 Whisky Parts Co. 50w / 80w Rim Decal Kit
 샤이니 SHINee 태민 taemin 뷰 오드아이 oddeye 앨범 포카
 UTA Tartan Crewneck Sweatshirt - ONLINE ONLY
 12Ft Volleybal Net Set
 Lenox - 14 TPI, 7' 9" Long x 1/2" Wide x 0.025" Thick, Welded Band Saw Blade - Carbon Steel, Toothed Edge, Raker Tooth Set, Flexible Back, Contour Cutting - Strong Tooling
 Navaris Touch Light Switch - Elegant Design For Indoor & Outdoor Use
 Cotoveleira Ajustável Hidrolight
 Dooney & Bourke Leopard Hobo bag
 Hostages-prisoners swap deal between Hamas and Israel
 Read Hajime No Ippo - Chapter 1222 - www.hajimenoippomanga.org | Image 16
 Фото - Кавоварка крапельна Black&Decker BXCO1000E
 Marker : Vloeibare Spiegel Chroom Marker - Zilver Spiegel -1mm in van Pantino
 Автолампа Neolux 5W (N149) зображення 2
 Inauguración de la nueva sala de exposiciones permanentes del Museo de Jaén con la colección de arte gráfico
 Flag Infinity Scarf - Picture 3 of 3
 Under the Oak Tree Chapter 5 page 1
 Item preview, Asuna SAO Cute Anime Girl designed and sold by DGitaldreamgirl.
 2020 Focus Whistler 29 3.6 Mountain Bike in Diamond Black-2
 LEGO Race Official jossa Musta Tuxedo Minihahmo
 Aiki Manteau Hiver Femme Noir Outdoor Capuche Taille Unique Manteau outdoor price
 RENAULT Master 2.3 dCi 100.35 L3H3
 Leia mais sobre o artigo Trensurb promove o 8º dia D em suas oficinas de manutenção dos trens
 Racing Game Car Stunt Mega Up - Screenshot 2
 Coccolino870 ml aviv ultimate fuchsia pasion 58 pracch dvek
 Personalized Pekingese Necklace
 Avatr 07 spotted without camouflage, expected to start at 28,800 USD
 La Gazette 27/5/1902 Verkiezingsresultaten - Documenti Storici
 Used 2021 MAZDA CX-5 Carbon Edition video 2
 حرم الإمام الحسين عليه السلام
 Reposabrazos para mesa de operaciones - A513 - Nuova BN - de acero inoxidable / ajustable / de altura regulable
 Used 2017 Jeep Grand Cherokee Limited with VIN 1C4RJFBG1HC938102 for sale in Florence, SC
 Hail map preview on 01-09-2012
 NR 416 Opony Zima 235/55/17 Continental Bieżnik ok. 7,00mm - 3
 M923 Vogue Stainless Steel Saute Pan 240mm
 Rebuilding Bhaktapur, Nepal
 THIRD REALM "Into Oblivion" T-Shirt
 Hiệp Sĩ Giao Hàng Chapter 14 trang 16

******

* **Instructions to follow**: Please say how many lines of the listing hold the string "Steel", answering with the number alone.

* **Exercise response**: 2